§ **TASK**
Give back, word for word, the lines in the listing below from the one holding "You could also" down to the one holding "I hope the lesson", both ends included.

§ **RECORDS PROVIDED**
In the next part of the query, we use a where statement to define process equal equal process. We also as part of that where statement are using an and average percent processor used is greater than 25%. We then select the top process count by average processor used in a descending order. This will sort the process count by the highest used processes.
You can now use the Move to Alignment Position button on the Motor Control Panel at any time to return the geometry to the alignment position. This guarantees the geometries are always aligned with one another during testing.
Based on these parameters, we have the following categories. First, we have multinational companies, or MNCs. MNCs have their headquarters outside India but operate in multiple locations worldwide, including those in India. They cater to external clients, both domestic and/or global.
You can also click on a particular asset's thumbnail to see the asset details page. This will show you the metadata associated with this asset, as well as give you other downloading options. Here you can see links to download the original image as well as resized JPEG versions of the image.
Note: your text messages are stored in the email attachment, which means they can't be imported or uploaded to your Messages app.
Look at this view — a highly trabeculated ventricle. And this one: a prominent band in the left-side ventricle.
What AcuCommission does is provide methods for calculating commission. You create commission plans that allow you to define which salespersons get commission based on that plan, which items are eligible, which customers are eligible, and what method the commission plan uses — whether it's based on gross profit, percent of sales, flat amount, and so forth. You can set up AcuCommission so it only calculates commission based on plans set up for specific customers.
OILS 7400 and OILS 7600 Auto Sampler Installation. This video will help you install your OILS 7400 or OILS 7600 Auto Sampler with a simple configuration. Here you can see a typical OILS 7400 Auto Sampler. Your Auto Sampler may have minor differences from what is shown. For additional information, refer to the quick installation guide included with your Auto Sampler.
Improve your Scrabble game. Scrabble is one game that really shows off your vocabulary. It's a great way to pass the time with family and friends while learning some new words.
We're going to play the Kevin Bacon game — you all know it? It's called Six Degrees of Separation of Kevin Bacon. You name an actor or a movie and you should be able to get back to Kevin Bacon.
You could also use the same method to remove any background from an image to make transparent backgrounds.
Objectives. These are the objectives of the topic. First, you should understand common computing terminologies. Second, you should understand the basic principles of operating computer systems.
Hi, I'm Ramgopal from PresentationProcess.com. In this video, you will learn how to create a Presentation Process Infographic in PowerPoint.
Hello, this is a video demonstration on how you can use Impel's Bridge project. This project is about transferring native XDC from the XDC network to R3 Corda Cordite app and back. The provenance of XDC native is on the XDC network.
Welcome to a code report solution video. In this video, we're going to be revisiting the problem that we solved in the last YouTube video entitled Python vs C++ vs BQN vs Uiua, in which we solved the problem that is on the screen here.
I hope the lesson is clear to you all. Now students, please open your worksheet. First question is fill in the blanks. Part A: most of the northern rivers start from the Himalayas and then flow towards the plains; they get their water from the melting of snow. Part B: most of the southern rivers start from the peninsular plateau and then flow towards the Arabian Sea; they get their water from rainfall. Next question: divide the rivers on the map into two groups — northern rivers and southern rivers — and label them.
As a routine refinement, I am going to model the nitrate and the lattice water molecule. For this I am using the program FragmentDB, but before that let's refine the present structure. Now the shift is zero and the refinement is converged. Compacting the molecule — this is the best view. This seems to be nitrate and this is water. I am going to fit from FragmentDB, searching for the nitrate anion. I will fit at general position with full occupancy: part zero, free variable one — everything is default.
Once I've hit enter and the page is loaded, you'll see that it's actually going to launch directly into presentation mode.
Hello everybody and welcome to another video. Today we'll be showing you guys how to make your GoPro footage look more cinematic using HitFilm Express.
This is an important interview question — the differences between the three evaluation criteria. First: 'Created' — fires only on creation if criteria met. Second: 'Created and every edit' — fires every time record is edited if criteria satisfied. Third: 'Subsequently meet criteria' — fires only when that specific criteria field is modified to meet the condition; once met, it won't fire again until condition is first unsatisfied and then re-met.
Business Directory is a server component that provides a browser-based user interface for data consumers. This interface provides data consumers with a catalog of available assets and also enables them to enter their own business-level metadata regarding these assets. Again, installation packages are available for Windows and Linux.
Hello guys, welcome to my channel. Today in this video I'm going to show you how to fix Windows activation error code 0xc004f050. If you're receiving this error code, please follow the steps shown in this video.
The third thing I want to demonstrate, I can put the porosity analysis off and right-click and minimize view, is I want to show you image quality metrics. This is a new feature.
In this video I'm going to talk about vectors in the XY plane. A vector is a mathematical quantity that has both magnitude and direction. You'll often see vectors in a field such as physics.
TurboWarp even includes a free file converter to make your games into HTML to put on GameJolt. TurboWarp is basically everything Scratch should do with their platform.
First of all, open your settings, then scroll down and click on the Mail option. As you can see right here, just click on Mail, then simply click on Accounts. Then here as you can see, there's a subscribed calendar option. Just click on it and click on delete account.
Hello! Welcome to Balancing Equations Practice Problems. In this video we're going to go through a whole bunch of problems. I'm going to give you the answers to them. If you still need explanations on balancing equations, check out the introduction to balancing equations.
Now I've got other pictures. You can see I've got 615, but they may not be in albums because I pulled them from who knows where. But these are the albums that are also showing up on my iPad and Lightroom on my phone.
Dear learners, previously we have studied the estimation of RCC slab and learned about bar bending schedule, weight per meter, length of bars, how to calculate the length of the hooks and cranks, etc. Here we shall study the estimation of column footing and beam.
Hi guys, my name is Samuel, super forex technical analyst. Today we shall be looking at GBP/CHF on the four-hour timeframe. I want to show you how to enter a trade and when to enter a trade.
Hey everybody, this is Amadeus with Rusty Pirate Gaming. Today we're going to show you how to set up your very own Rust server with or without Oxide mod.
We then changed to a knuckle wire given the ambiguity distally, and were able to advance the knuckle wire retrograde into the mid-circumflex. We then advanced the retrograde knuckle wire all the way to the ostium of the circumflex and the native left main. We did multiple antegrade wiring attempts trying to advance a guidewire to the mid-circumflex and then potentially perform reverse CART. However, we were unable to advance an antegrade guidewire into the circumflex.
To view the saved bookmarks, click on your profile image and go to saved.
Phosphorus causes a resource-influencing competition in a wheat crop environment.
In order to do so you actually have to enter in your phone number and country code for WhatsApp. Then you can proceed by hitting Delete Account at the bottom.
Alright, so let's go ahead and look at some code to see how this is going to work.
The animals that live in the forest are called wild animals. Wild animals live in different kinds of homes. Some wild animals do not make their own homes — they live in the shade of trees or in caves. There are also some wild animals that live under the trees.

§ **SOLUTION TO THE PROBLEM**
You could also use the same method to remove any background from an image to make transparent backgrounds.
Objectives. These are the objectives of the topic. First, you should understand common computing terminologies. Second, you should understand the basic principles of operating computer systems.
Hi, I'm Ramgopal from PresentationProcess.com. In this video, you will learn how to create a Presentation Process Infographic in PowerPoint.
Hello, this is a video demonstration on how you can use Impel's Bridge project. This project is about transferring native XDC from the XDC network to R3 Corda Cordite app and back. The provenance of XDC native is on the XDC network.
Welcome to a code report solution video. In this video, we're going to be revisiting the problem that we solved in the last YouTube video entitled Python vs C++ vs BQN vs Uiua, in which we solved the problem that is on the screen here.
I hope the lesson is clear to you all. Now students, please open your worksheet. First question is fill in the blanks. Part A: most of the northern rivers start from the Himalayas and then flow towards the plains; they get their water from the melting of snow. Part B: most of the southern rivers start from the peninsular plateau and then flow towards the Arabian Sea; they get their water from rainfall. Next question: divide the rivers on the map into two groups — northern rivers and southern rivers — and label them.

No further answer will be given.